There, there there's other systems where, where you can tie the stuff in one is a, a sea system, which, which you mentioned earlier in your slides, Martin seam systems provide a ton of good information about what events are happening. So users have access. What the seam system provides is how are you people using that access?
And through that, you can provide that context back into identity, AI, that stream of events that are happening back into identity AI, and use that to start to detect anomalies, to combine that with what you know about the identity as a whole and see what's happening there. Another interesting way that you could integrate with the seam system is to take the insights that are generated within identity AI, the, by applying the machine learning and feed that big back into the seam or the UBA system say, we detected something really odd here.

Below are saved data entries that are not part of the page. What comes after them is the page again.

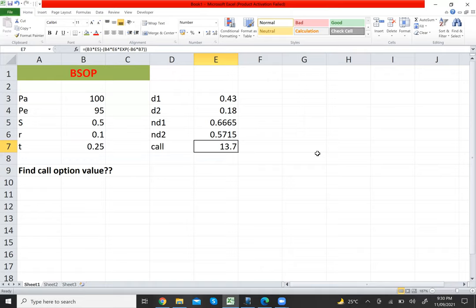So that is how you use Excel to compute the BSM call option value. I hope you guys liked the video — don't forget to subscribe to my channel. Thank you.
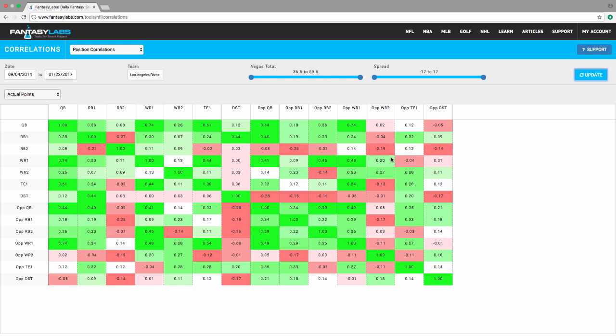Now, RB1 and defense is a massive correlation, .44, really strong. Way stronger than the overall picture of every running back. So Todd Gurley and the defense of the Rams correlate really, really well together.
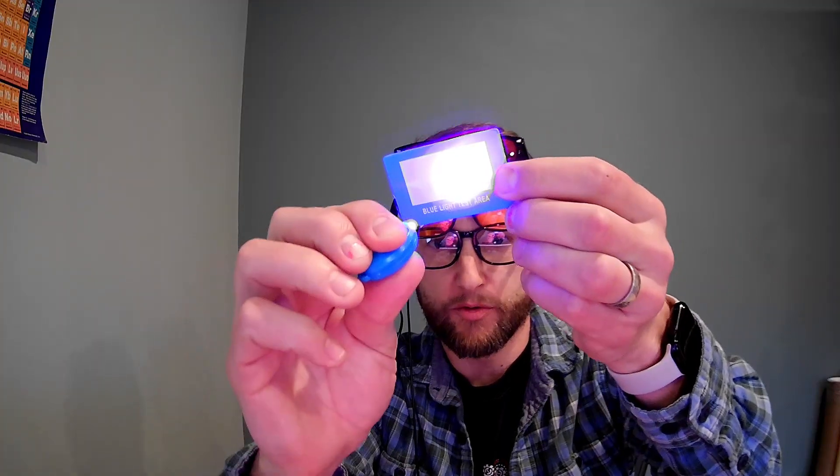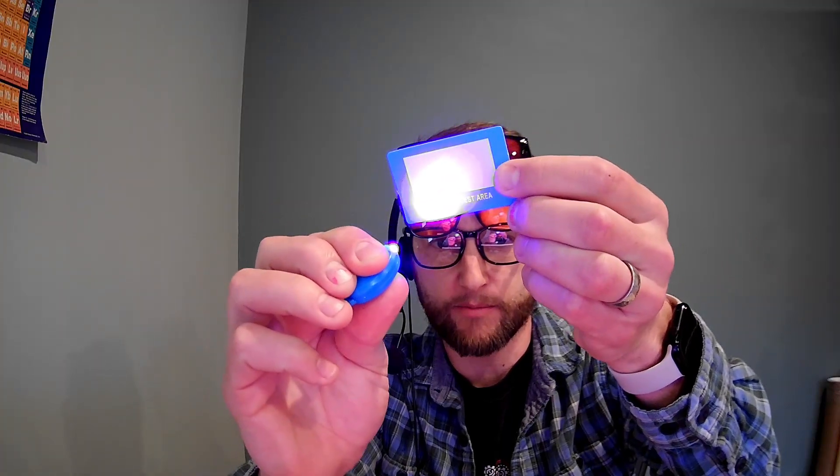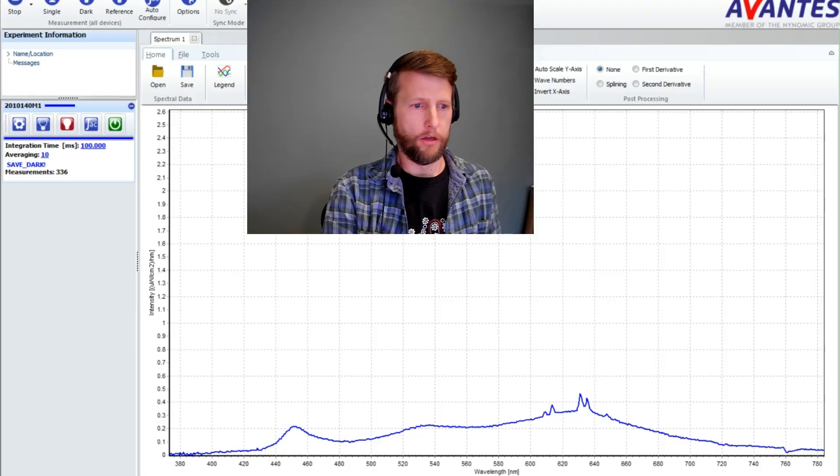I'm going to take a scientific approach today using my spectrometer to actually look at how much light, how much blue light in particular, is getting through these different kinds of blue light blocking glasses. And I'm also going to tell you why these little test cards here with the little blue light that comes with them in the package are pretty much absolute garbage and you can't trust them.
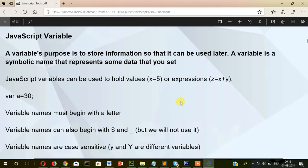So what is a JavaScript variable? A variable's purpose is to store information that can be used later. Remember, a JavaScript variable — or any other programming language variable — is temporary. The data stored in a variable is temporary. A variable is a symbolic name that represents some data. JavaScript variables can be used to hold values, for example x equals 5, or an expression x equals z equals x plus y.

This access in this access request that happened, maybe we're gonna alert the same system so that it can change its rules and algorithms on how it handles incidents. Another good one that that's in the space is for privileged account management or privileged access management with Pam software. What that does is it takes privileged accounts or privileged information and it makes it so that you have a central place to manage that.
So if somebody needs root access on your web server, they have to go into the Pam system and check out that account that also provides a lot of really good identity context that can come into play with, with making smart governance decisions. When people check out accounts. If I know that that you Martin are using this database administrator account all the time, that comes into my identity context and I can get a feel for what normal usage patterns are for you on the flip side. Okay. Okay. Go ahead.
On the flip side, when identity AI comes up with insights about things that look out of, out of the ordinary, it can actually push changes through the Pam system. So it can revoke account access from you. For example, that's just a way that we can tie in those insights in, into a couple of the, the security systems that you have. Okay.
Kelly, thank you very much for our information. I think we've gone through all the questions we have here, so thank you very much to all of the attendees of this call webinar. Thank you very much to you, Kelly, for all the information you, you delivered, hope to have you soon back at one of our upcoming webinar. Thank you and have a nice day. What.